Figure 4. SREBP-2 is required for ABCA1 promoter activation and the effects are mediated by the LXR response element

CHO-7 cells and SRD-13A cells were transiently transfected for 24 h with phRL-TK Renilla internal control plasmid together with either (A, B) pGL3-hABCA1-wild-type or (C) SRE-luc (CHO-7 cells only). (D) Schematic illustration of the E-box and DR4 elements within the proximal −200 bp promoter region of a human ABCA1 promoter-driven luciferase (luc) reporter. (E) CHO-7 cells were transiently transfected with phRL-TK Renilla internal control plasmid together with pGL3-hABCA1: wild-type, E-box mutant, DR4 mutant, E-box/DR4 mutant. Following transfection, cells were incubated for 24 h in the absence or presence of (A, C, E) compactin (5 μM) or (B) 24(S),25-epoxycholesterol (10 μM) or TO901317 (1 μM). Data are presented relative to the wild-type construct, vehicle-treated control condition, and for (A) are means+S.E.M. (n=5 separate experiments; *P≤0.05 compared with CHO-7 untreated cells); for (C), data are means+S.E.M. (n=3 separate experiments; †P=0.005); for (B, E), data are means+S.E.M. (three replicate cultures representative of two or three separate experiments).

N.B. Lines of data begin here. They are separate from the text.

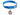Nite Ize WearAbout Pet Clippable Tracker Holder - Smoke, Blue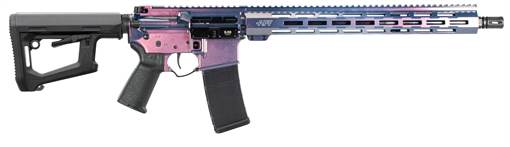 ALEX PRO FIREARMS 5.56 NATO FURY 16 TACTICAL MERMAID MLOK RI367TM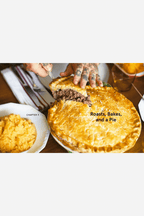 Matty Matheson - Home Style Cookery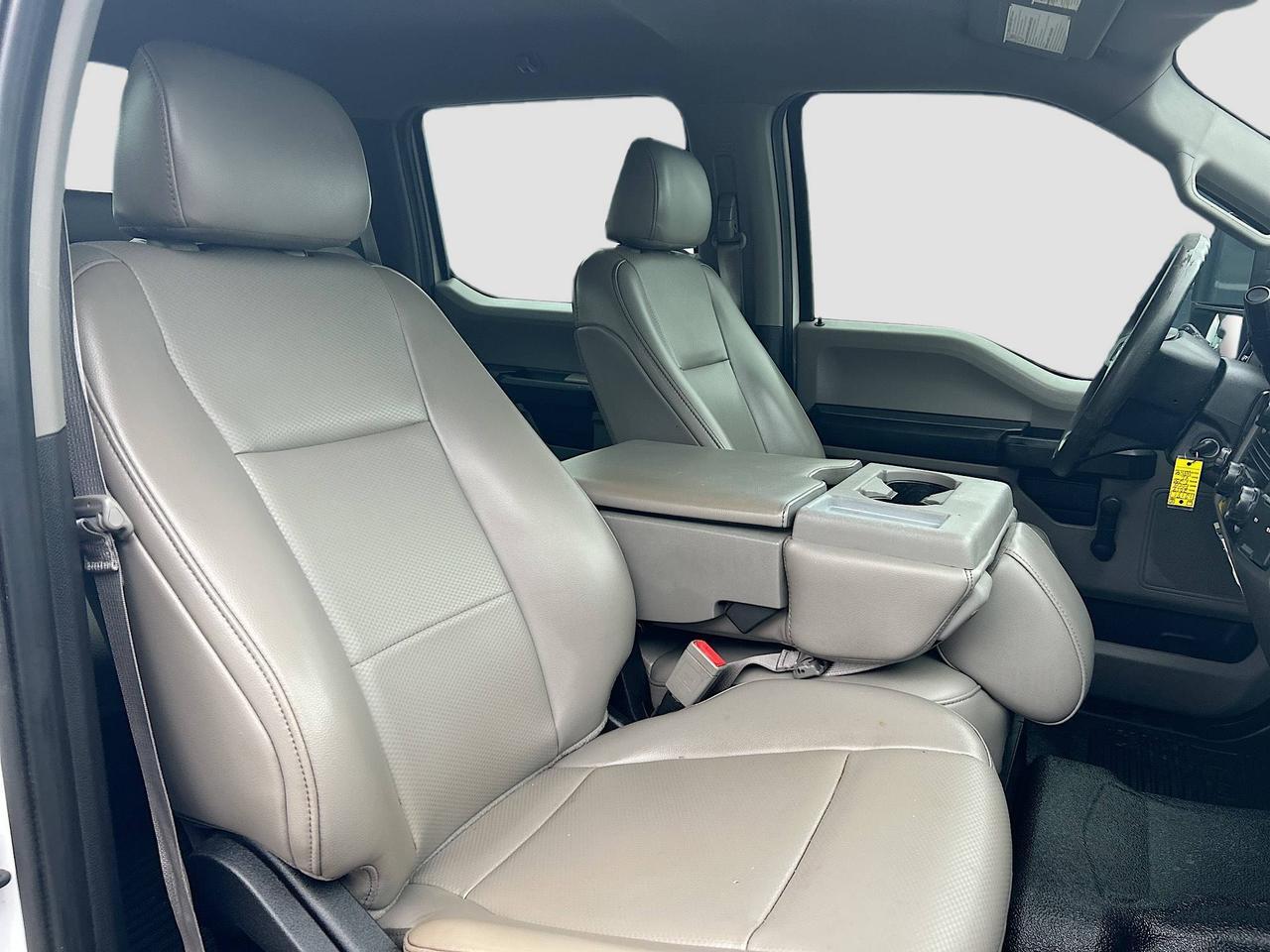 2019 Ford Super Duty F-250 SRW XL 4WD Crew Cab 8 Box Venice FL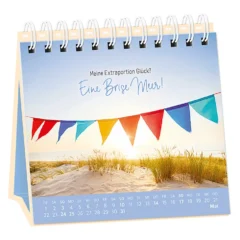 Tischkalender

Figure 5. Addition of 24(S),25-epoxycholesterol increases ABCA1 promoter activation via the LXR response element independent of the E-box

CHO-7 cells were transiently transfected for 24 h with phRL-TK Renilla internal control plasmid together with either (A) SRE-luc or (B–D) pGL3-hABCA1: (B) wild-type, (C) E-box mutant, or (D) DR4 mutant. Following transfection, cells were incubated for 24 h in the absence or presence of indicated concentrations of 24(S),25-epoxycholesterol. Data are presented relative to the wild-type construct, vehicle-treated control condition, and for (A, B) are means+S.E.M. (n=3 separate experiments); for (C, D) data are means+half range (n=2 separate experiments).